(Beginning of Available data)
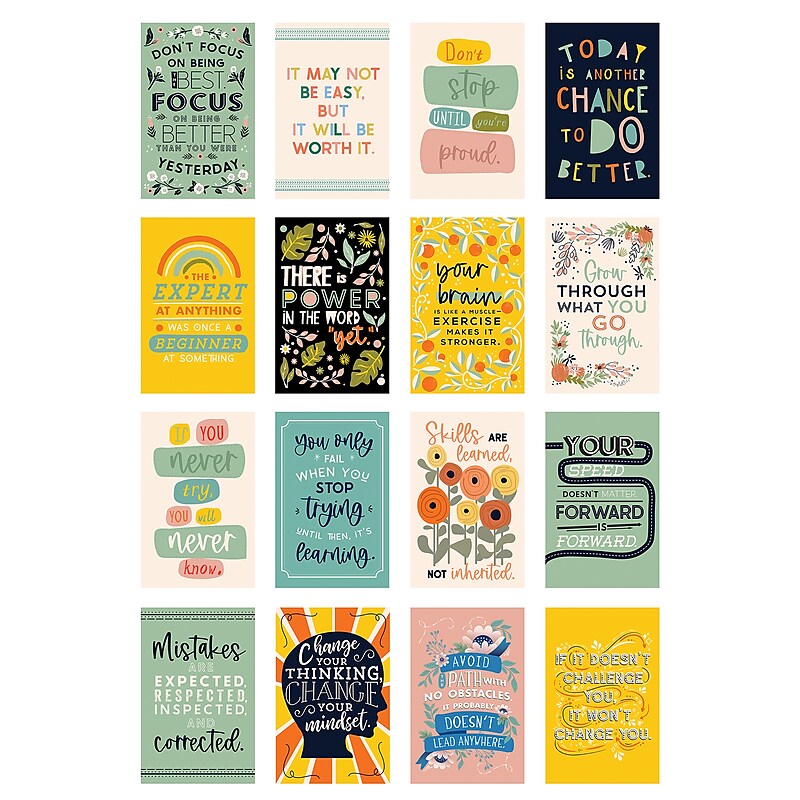 Carson Dellosa Education 17" x 11" Motivational Posters Poster Set, 16/Set (CD-106075) image 1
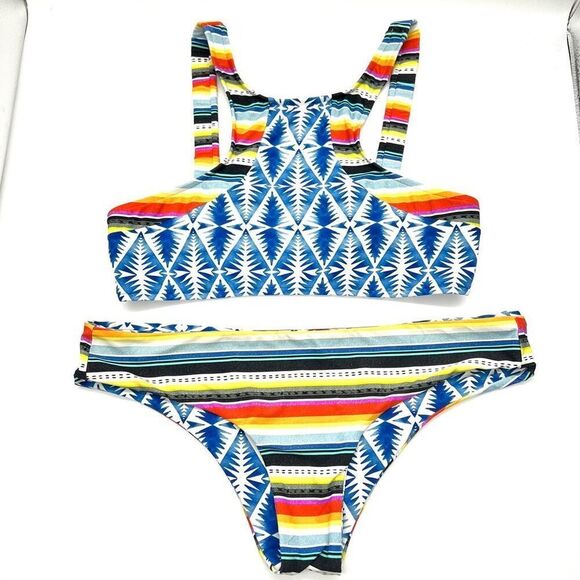 Rip Curl Other - Rip Curl Beach Bazaar High Neck Bikini Top and Reversible Bottom Multicolored  S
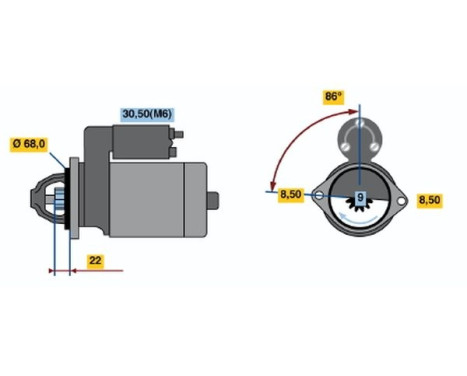 Startmotor 1835 Bosch, bild 2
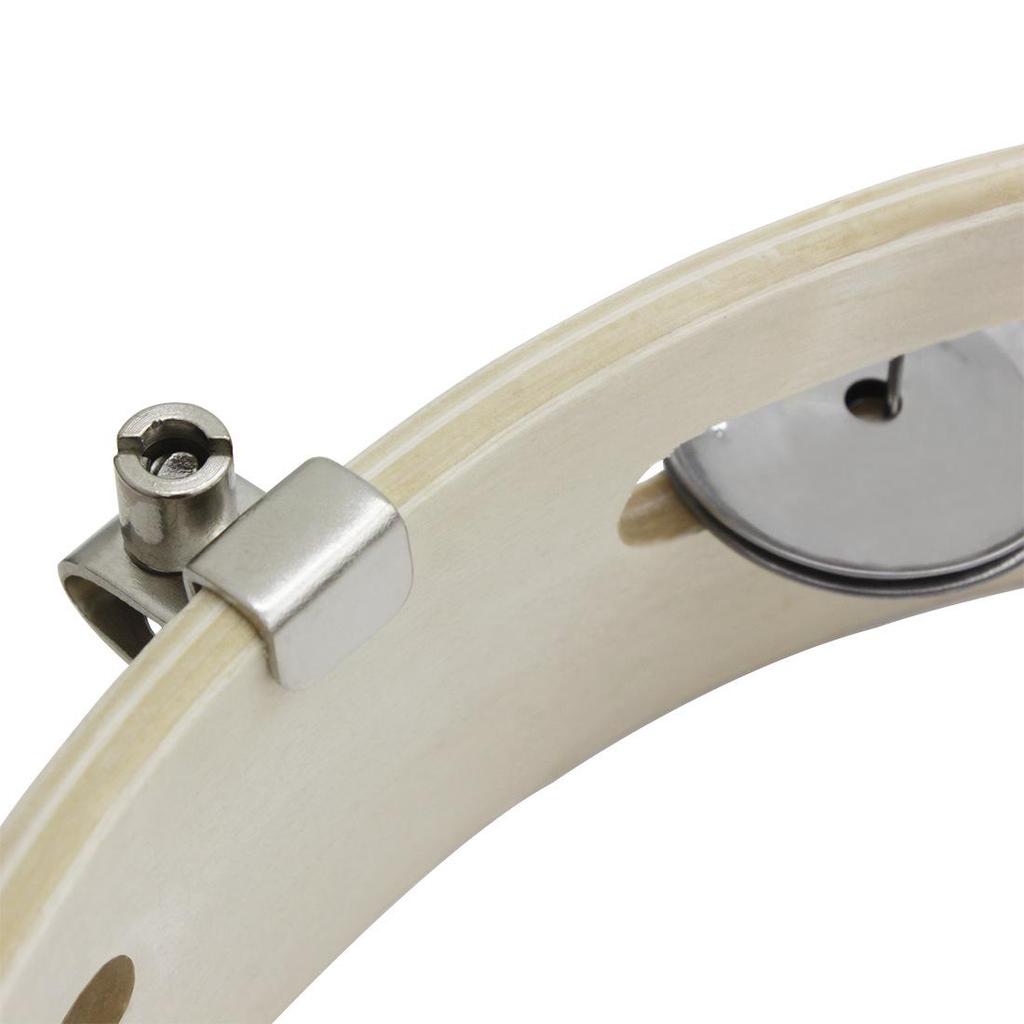 10-Inch Wooden Hand-Shaken Tambourine Drum for Children's Dance and Early Education Orff Percussion Instruments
(End of Available data)
Your assignment:
Give back exactly the lines from the one that contains "Rip Curl Other" to the final line of the data above, both included, with all pictures removed.

Worked solution:
 Rip Curl Other - Rip Curl Beach Bazaar High Neck Bikini Top and Reversible Bottom Multicolored  S
 Startmotor 1835 Bosch, bild 2
 10-Inch Wooden Hand-Shaken Tambourine Drum for Children's Dance and Early Education Orff Percussion Instruments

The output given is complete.